Outward force of molasses on a cylinder

[lluhi]

Homework Statement

On the afternoon of January 15, 1919, an unusually warm day in Boston, a 27.4-m-high, 27.4-m-diameter cylindrical metal tank used for storing molasses ruptured. Molasses flooded into the streets in a 9-m-deep stream, killing pedestrians and horses, and knocking down buildings.
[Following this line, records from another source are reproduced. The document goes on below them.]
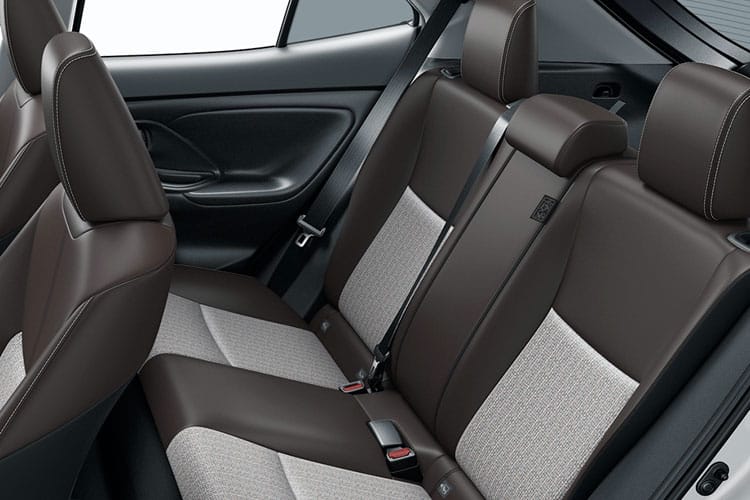 3979049 1.5 Hybrid 130 Premiere Edition AWD 5dr CVT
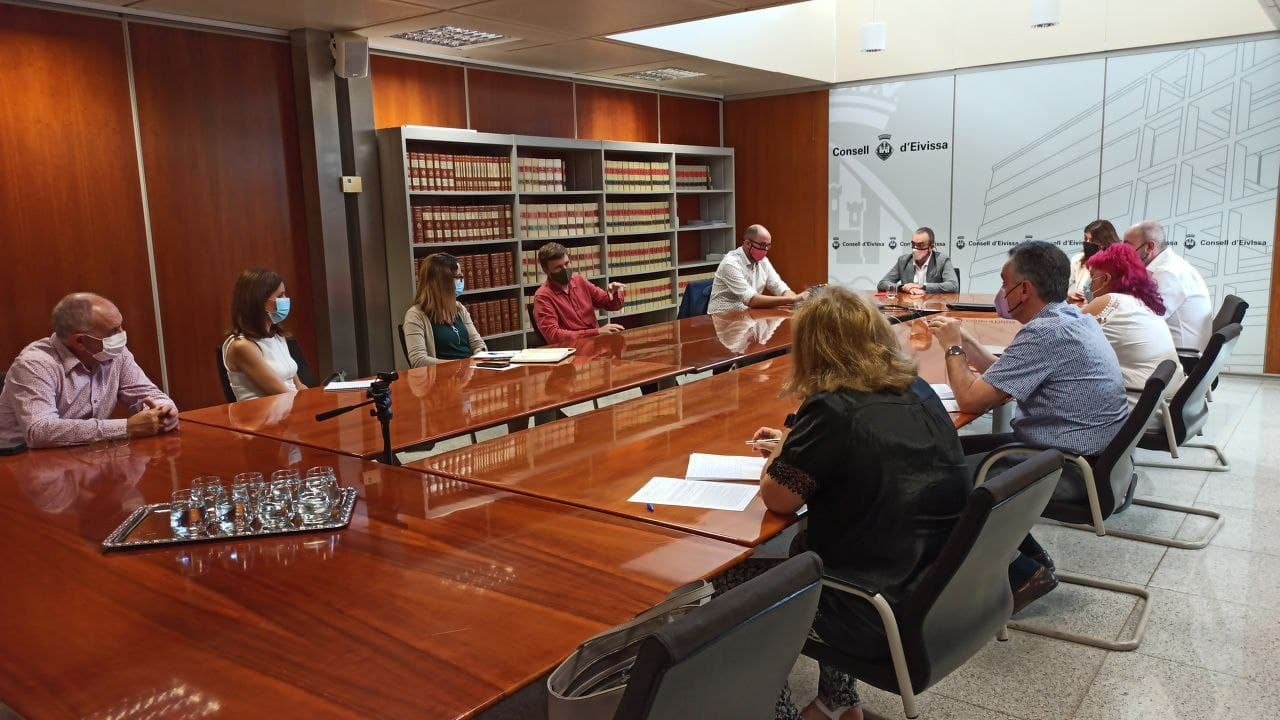Cinco colegios públicos de Ibiza se beneficiarán del plan 50X50 Cinco colegios públicos de Ibiza se beneficiarán del plan 50X50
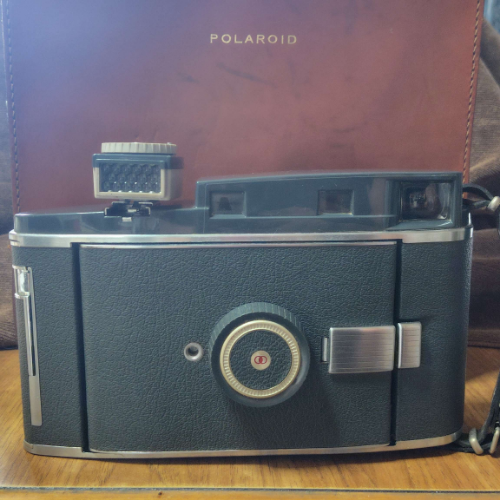 ポラロイドカメラ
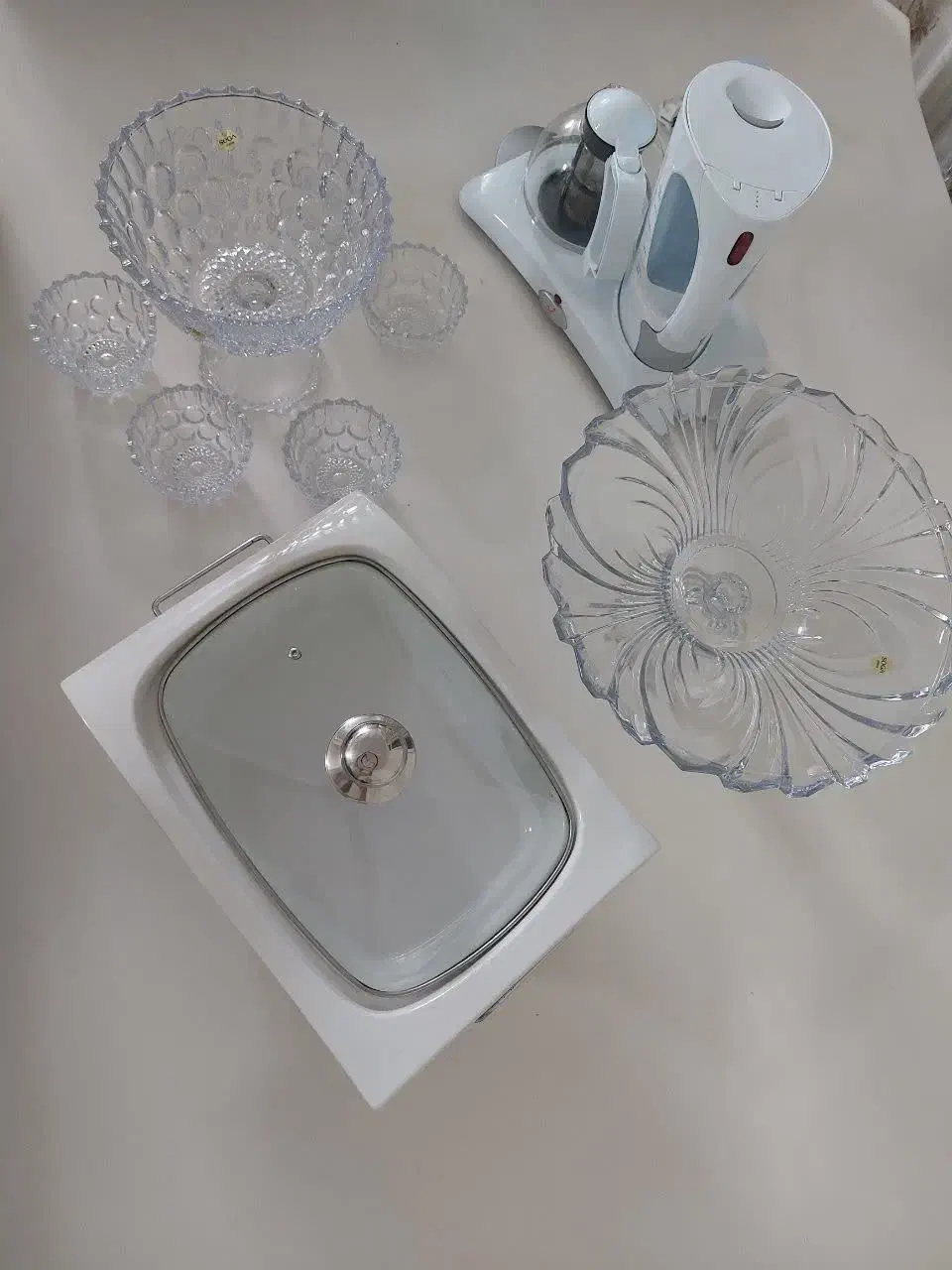 وسایل آشپزخانه حراج به خاطر جم کردن مغازه 4 تیکه|حراج|قم, زنبیل آباد|دیوار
The molasses had a density of 1600 kg/ m^3

If the tank was full before the accident, what was the total outward force the molasses exerted on its sides? (Hint: Consider the outward force on a circular ring of the tank wall of width dy and at a depth y below the surface. Integrate to find the total outward force. Assume that before the tank ruptured, the pressure at the surface of the molasses was equal to the air pressure outside the tank.)

Homework Equations

F=PA p=p0+roh*g*h

The Attempt at a Solution

if F=PA then dF=dPdA and dA for a cylinder is pi*d (integration of pi*r^2) and for d=27.4, dA=86.1

i have F=86.1*int[101325pascals + (1600kg/m^3)(9.8m/s^2)hdh] from 0 to 27.4

integrating gives

86.1 (101325h+7840h^2) and plugging in 27.4 for h gives 7.46e^8 which is wrong... help?

 

[ehild]

The atmospheric pressure acts both inward and outward. I do not think you should count with it. And make your calculation a bit more clear. dA is the area of a strip on the wall of the cylinder: dA=2pi R dy.

ehild

 

[RTW69]

dF=p*dA; p=rho*g*y;dA=pi*dia*dy

F=rho*g*dia*pi*integrate[y*dy] from 0 to h

 

[lluhi]

got it, thanks